# SD DVD Casino Royale audio problems?



## FlashJim (May 6, 2006)

I have a Toshiba A1 and we rented Casino Royale tonight. The audio fades in and out on the main movie, but not the trailers. I thought something was wrong with my equipment so I did a little trouble shooting.

1. Replaced the disc with a known good SD DVD. Sounded great. Played for 15 minutes to see it was an over heating problem. Nope.

2. Played CR in an SD DVD player at moderate levels. It "seemed" to be lower than normal. I didn't spend much time trying it out.

3. I powered off the A1 and receiver and powered them back on. I played CR in the A1 and the audio still goes in and out.

I've never had a disc with audio problems like this. Has anyone else experienced this?


----------



## FlashJim (May 6, 2006)

Apparently a defective disk.


----------



## Otto (May 18, 2006)

Weird. I've never experienced that with a DVD -- fading in/out audio. 

But your post did inspire me to put in on my Netflix list. Hope it's a decent movie at least.

Thanks!


----------



## Sonnie (Apr 11, 2006)

Yeah... sounds really strange. I've had some that people forgot to rewind and it messed everything up... :dontknow: :bigsmile:


----------



## Rodny Alvarez (Apr 25, 2006)

I didn't have problems with the sound but my disk is full screen and is only playing it at 4.3 not 16.9:scratch: whats up with that?
The PQ is good in some scenes and look real bad in others, I try to change the setting on the PJ and the HDDVD, nothing happened:scratch:


----------



## FlashJim (May 6, 2006)

Otto said:


> Weird. I've never experienced that with a DVD -- fading in/out audio.
> 
> But your post did inspire me to put in on my Netflix list. Hope it's a decent movie at least.
> 
> Thanks!


I personally love the movie. I think he makes a great Bond.

The odd thing is I went back to the sections where it goes in and out and it does it in the exact same spots every time. I've never seen a dvd do this.


----------



## Sonnie (Apr 11, 2006)

Rodny Alvarez said:


> I didn't have problems with the sound but my disk is full screen and is only playing it at 4.3 not 16.9:scratch: whats up with that?
> The PQ is good in some scenes and look real bad in others, I try to change the setting on the PJ and the HDDVD, nothing happened:scratch:


It may be one of those dual format disk... fullscreen on one side and widescreen on the other. Try flipping it over.


----------



## Rodny Alvarez (Apr 25, 2006)

Sonnie said:


> It may be one of those dual format disk... fullscreen on one side and widescreen on the other.
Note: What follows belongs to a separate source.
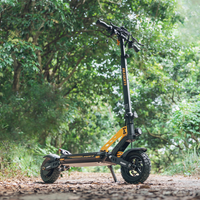 Ausom Leopard off-road electric scooters for adults with removable seat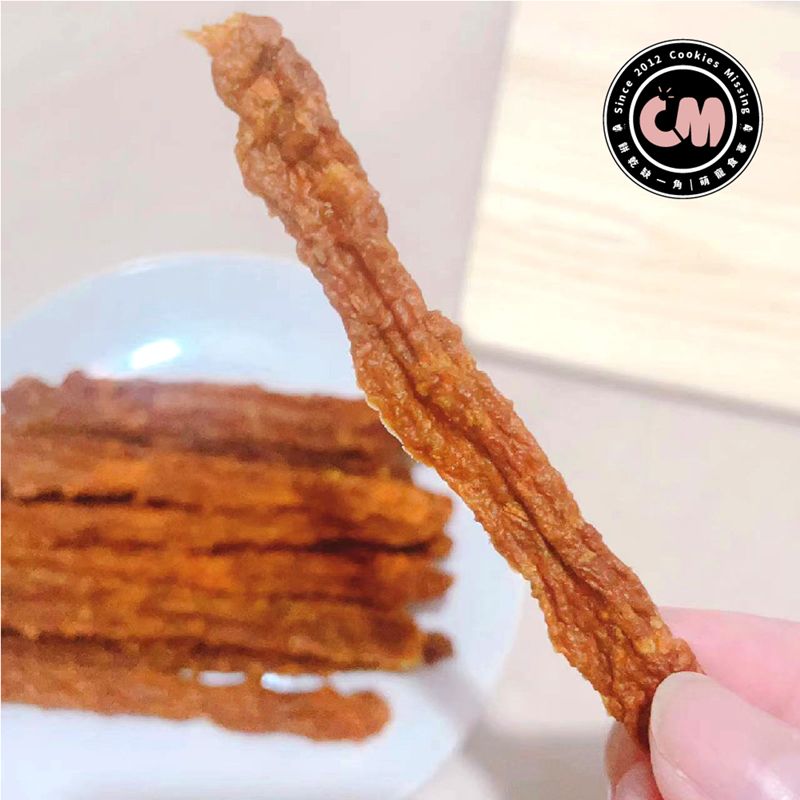 【餅乾缺一角|盟寵食事】純手工自家烘烤寵物零食 蘋香紅蘿蔔雞肉條 燕麥地瓜雞胸肉條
Try flipping it over.


Its not dual format! 
You can buy it full screen or wide screen!


----------



## Rodny Alvarez (Apr 25, 2006)

FlashJim!! is your movie full or wide screen???


----------



## Prof. (Oct 20, 2006)

FlashJim said:


> I personally love the movie. I think he makes a great Bond.
> 
> The odd thing is I went back to the sections where it goes in and out and it does it in the exact same spots every time. I've never seen a dvd do this.


I had the same thing with Jurassic Park 3, when playing it in DD...The sound would fade as they were about to be launched off the boat, and several other places as well..Same places every time..
I switched to the DTS version, and it played perfectly...


----------



## mikeb (Oct 22, 2006)

Prof. said:


> I had the same thing with Jurassic Park 3, when playing it in DD...The sound would fade as they were about to be launched off the boat, and several other places as well..Same places every time..
> I switched to the DTS version, and it played perfectly...


Proving the superiority of DTS once again.:bigsmile: :bigsmile:


----------



## Prof. (Oct 20, 2006)

Spot on...:T

Although the movie I watched last night has made me re-think my opinion of DD..
I just bought an R1 version of "The Red Planet", and the bass made me jump for the remote volume...
My screen wall was vibrating and buzzing!!!...I didn't even have that happening with WOTW!!
Why can't they make more DD versions like that?


----------



## khellandros66 (Jun 7, 2006)

Ya know what bugs me, is I had problems with Die Another Day, where lipsync was off in the DTS track, same with my copy of Labyrinth on Superdisc, off topic i know but really was alot like my issues.

~Bobby


----------